▸ Task details: With pictures omitted, output the records below exactly as they appear.

▸ Source material:
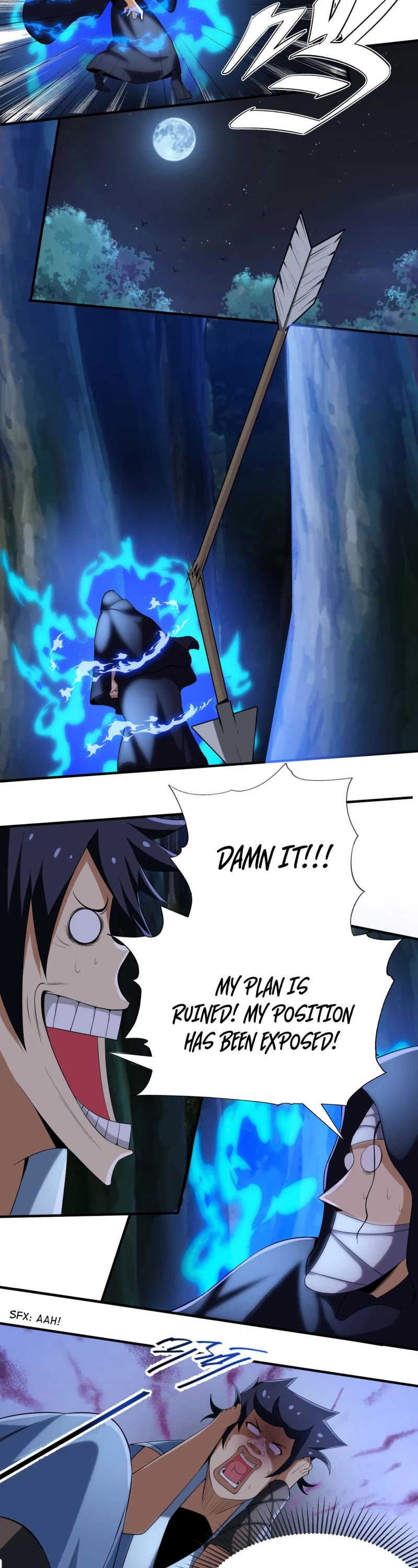 I Just Want to Be Killed Chapter 6 page 2 - Chapter 6
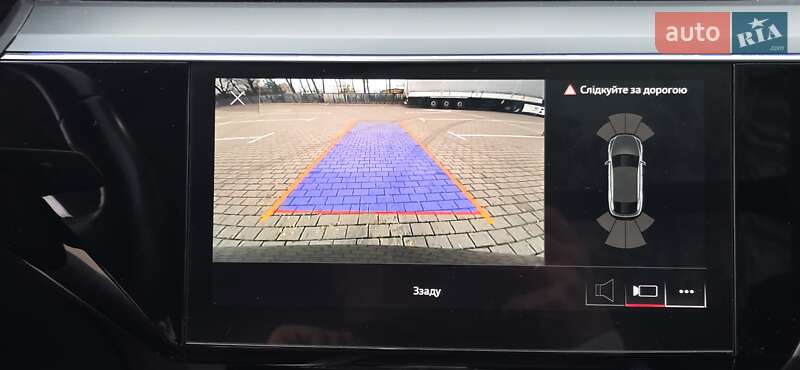 Внедорожник / Кроссовер Audi e-tron Sportback 2021 в Тернополе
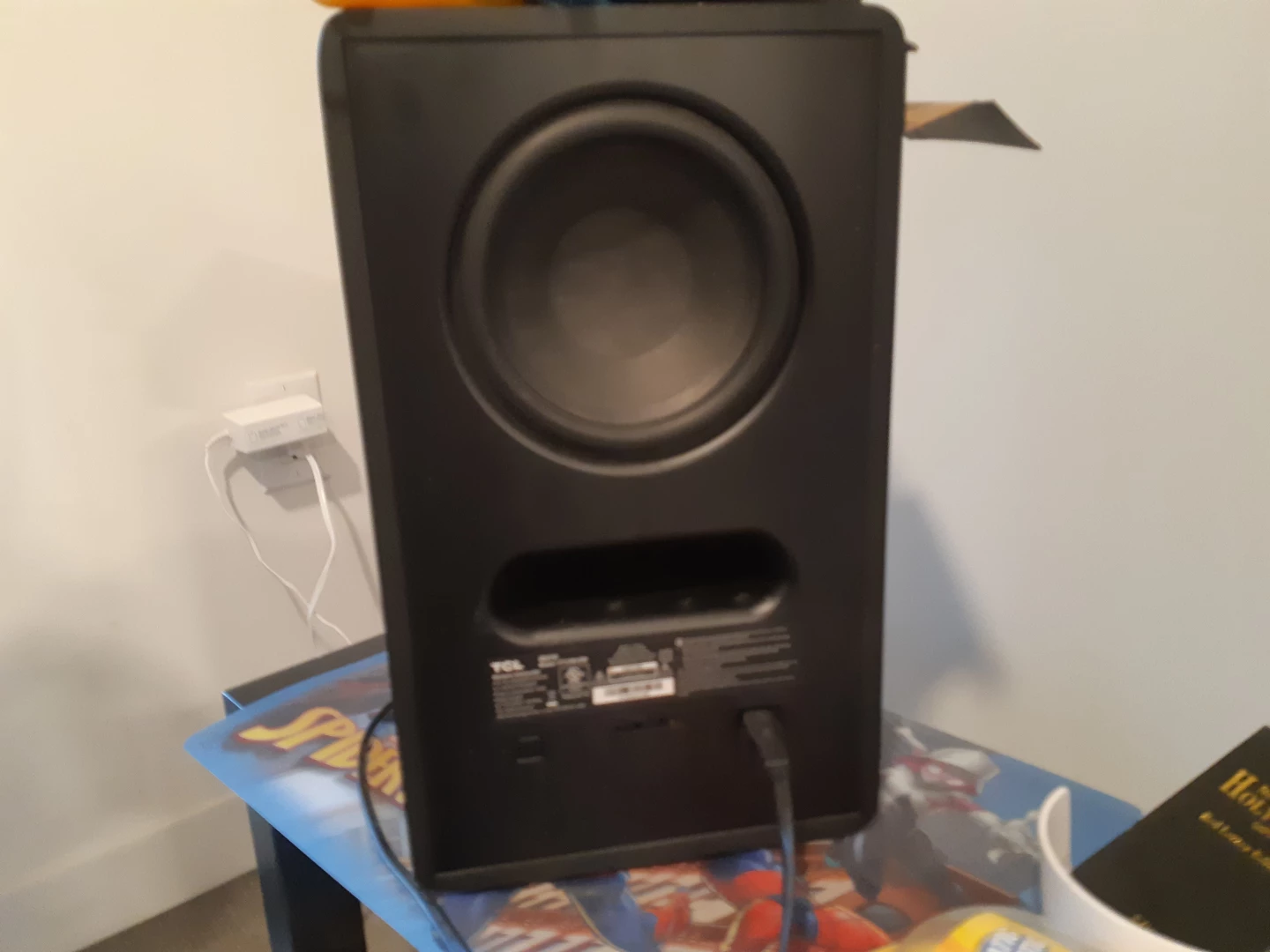 TCL Wireless Subwoofer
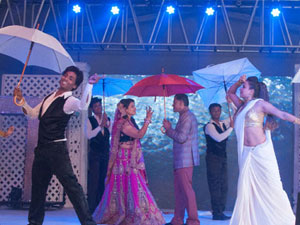 Sangeet, Engagement, Ring Ceremonies, DJ Night & Candid Photography
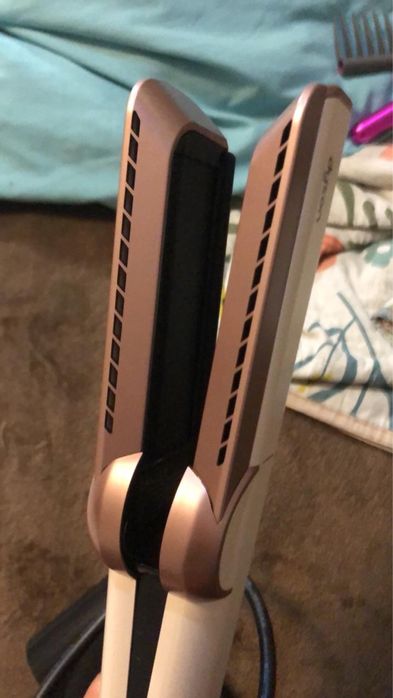 dyson фен утюжок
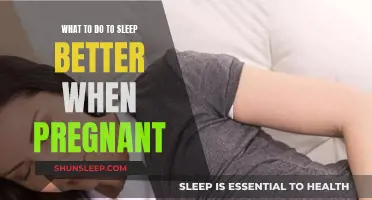 Pregnancy Sleep Solutions: Simple Strategies for Better Rest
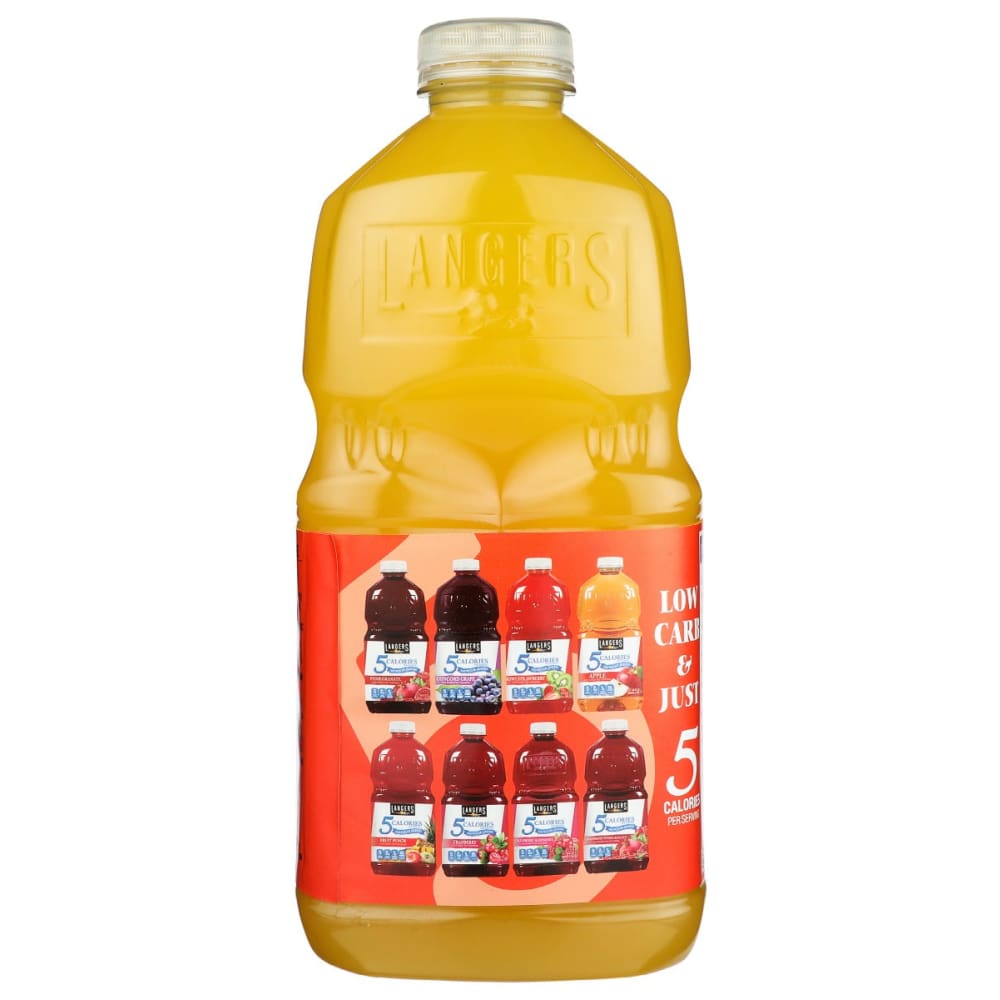 LANGERS: Mongo Mango Juice 64 fo - Grocery > Beverages > Juices - LANGER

▸ Result below:
 I Just Want to Be Killed Chapter 6 page 2 - Chapter 6
 Внедорожник / Кроссовер Audi e-tron Sportback 2021 в Тернополе
 TCL Wireless Subwoofer
 Sangeet, Engagement, Ring Ceremonies, DJ Night & Candid Photography
 dyson фен утюжок
 Pregnancy Sleep Solutions: Simple Strategies for Better Rest
 LANGERS: Mongo Mango Juice 64 fo - Grocery > Beverages > Juices - LANGER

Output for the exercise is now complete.